------ Records to use

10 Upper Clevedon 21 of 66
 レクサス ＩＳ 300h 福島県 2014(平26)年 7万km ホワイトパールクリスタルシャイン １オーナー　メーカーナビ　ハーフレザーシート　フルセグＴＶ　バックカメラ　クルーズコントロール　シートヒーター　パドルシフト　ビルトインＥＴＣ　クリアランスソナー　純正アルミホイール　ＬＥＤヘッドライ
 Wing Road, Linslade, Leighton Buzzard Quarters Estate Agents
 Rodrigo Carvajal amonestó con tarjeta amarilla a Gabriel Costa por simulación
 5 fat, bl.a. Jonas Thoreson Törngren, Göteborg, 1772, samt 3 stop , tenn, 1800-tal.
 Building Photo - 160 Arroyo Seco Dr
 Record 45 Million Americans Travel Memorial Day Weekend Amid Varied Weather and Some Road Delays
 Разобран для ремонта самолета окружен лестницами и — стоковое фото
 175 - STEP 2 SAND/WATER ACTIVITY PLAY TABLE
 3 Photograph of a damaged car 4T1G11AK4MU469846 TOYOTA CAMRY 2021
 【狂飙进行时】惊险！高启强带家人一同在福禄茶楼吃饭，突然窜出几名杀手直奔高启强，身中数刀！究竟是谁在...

------------

**Task requirements**: Retype exactly the lines from the first line of the records above through the line containing "Record 45 Million", both included, and nothing else.

**Answer box**:
10 Upper Clevedon 21 of 66
 レクサス ＩＳ 300h 福島県 2014(平26)年 7万km ホワイトパールクリスタルシャイン １オーナー　メーカーナビ　ハーフレザーシート　フルセグＴＶ　バックカメラ　クルーズコントロール　シートヒーター　パドルシフト　ビルトインＥＴＣ　クリアランスソナー　純正アルミホイール　ＬＥＤヘッドライ
 Wing Road, Linslade, Leighton Buzzard Quarters Estate Agents
 Rodrigo Carvajal amonestó con tarjeta amarilla a Gabriel Costa por simulación
 5 fat, bl.a. Jonas Thoreson Törngren, Göteborg, 1772, samt 3 stop , tenn, 1800-tal.
 Building Photo - 160 Arroyo Seco Dr
 Record 45 Million Americans Travel Memorial Day Weekend Amid Varied Weather and Some Road Delays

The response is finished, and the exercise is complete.